Our first experience happened in the grocery store. We were checking out and, all of the sudden, a woman in the next aisle began screaming at the top of her lungs in a gruff scary voice. She was unintelligible, but I could make out the word "coupons" and a few expletives thrown in there.
I noticed a mother with a little girl my son's age react to this situation by putting her hands over her daughter's ears and usher her quickly out of the grocery store. As I didn't feel we were in any particular danger, and a store clerk was on his way to help the woman out, I decided to take a different tactic.

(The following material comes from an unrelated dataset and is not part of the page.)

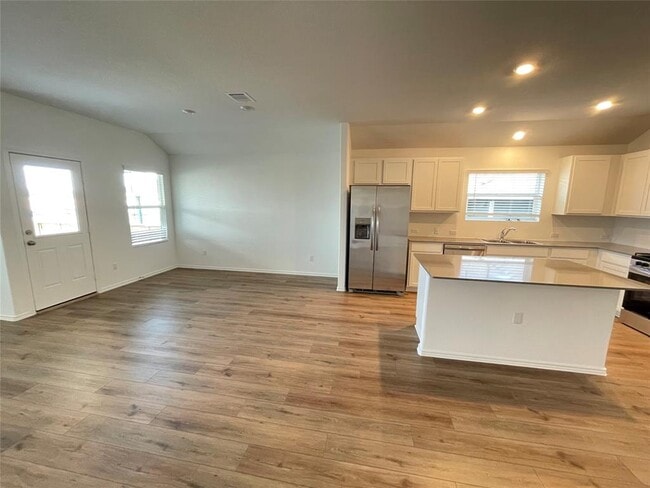 Building Photo - 337 Jeffers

"Whoa," my son said, "this is crazy."
"Well," I responded, surprising myself at my calm voice, "Here's the deal. You know how there are people in this world with physical handicaps? Like they only have half an arm or they have a leg that doesn't work so they walk in a different way?"
"Yes," he said.
"This is the same thing. The woman who is yelling over there? Her brain isn't working right. She doesn't know how to act and probably can't help it. So if you are ever in a situation like this, don't stare, just keep about your business. And if you feel scared, it's OK to walk away."
"Is she going to do something to us?" he asked me.
"No, because I am here with you and you are safe," I reassured him.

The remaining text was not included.